Please, I would like to optimize this code in C#, if possible.
When there are less than 1000 lines, it's fine. But when we have at least 10000, it starts to take some time... Here a little benchmark :
- 5000 lines => ~2s
- 15000 lines => ~20s
- 25000 lines => ~50s
Indeed, I'm looking for duplicated lines.

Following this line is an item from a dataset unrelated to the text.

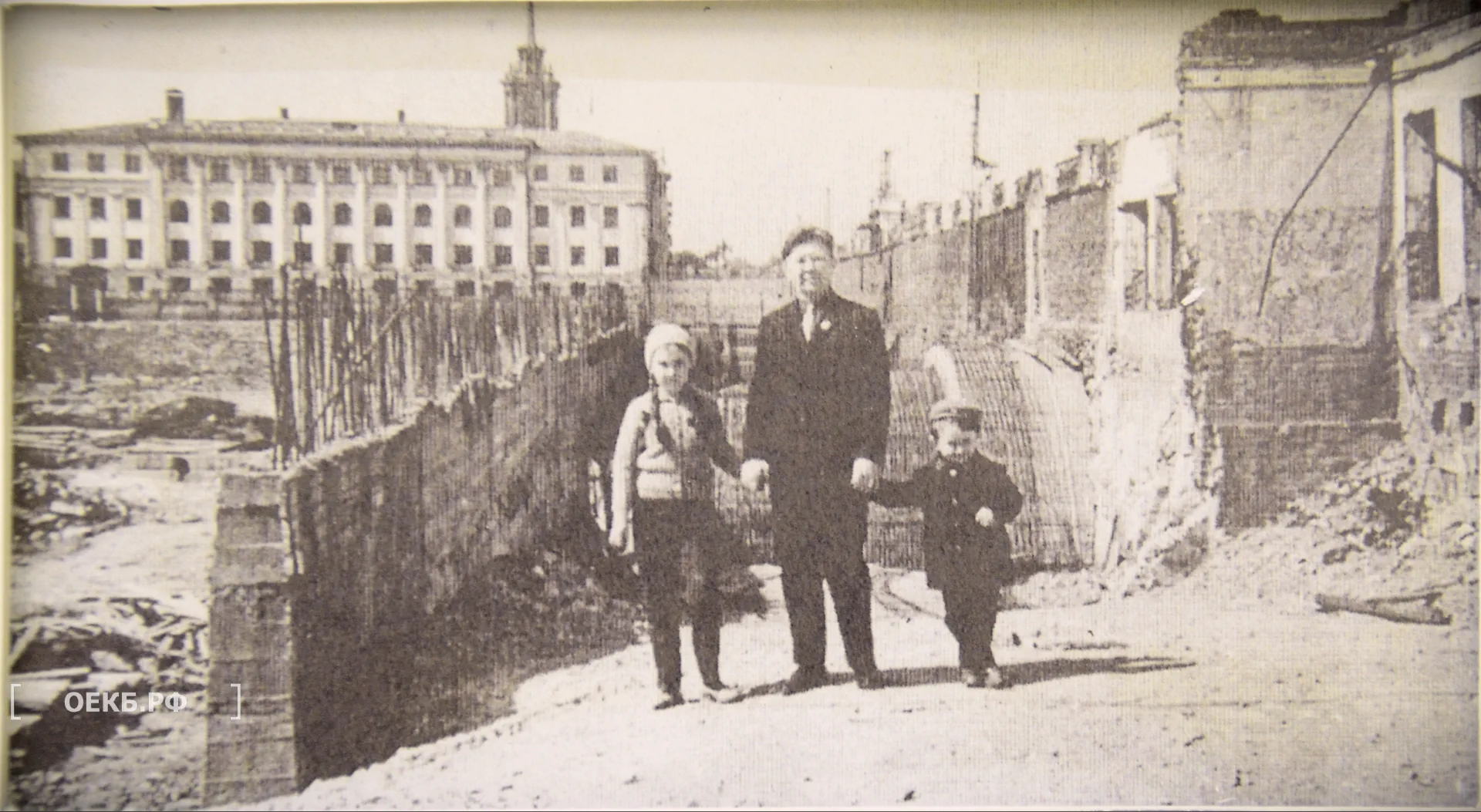 1963 - Октябрьский - Свердловск. Реконструкция плотины и строительство Исторического сквера - ОЕКБ.РФ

Method SequenceEqual to check values may be a problem (in my "benchmark", I have 4 fields considered as "keyField" ...).
Here is the code :
private List<DataRow> GetDuplicateKeys(DataTable table, List<string> keyFields)
{
Dictionary<List<object>, int> keys = new Dictionary<List<object>, int>(); // List of key values + their index in table
List<List<object>> duplicatedKeys = new List<List<object>>(); // List of duplicated keys values
List<DataRow> duplicatedRows = new List<DataRow>(); // Rows that are duplicated
foreach (DataRow row in table.Rows)
{
// Find keys fields values for the row
List<object> rowKeys = new List<object>();
keyFields.ForEach(keyField => rowKeys.Add(row[keyField]));
// Check if those keys are already defined
bool alreadyDefined = false;
foreach (List<object> keyValue in keys.Keys)
{
if (rowKeys.SequenceEqual(keyValue))
{
alreadyDefined = true;
break;
}
}
if (alreadyDefined)
{
duplicatedRows.Add(row);
// If first duplicate for this key, add the first occurence of this key
if (!duplicatedKeys.Contains(rowKeys))
{
duplicatedKeys.Add(rowKeys);
int i = keys[keys.Keys.First(key => key.SequenceEqual(rowKeys))];
duplicatedRows.Add(table.Rows[i]);
}
}
else
{
keys.Add(rowKeys, table.Rows.IndexOf(row));
}
}
return duplicatedRows;
}
Any ideas ?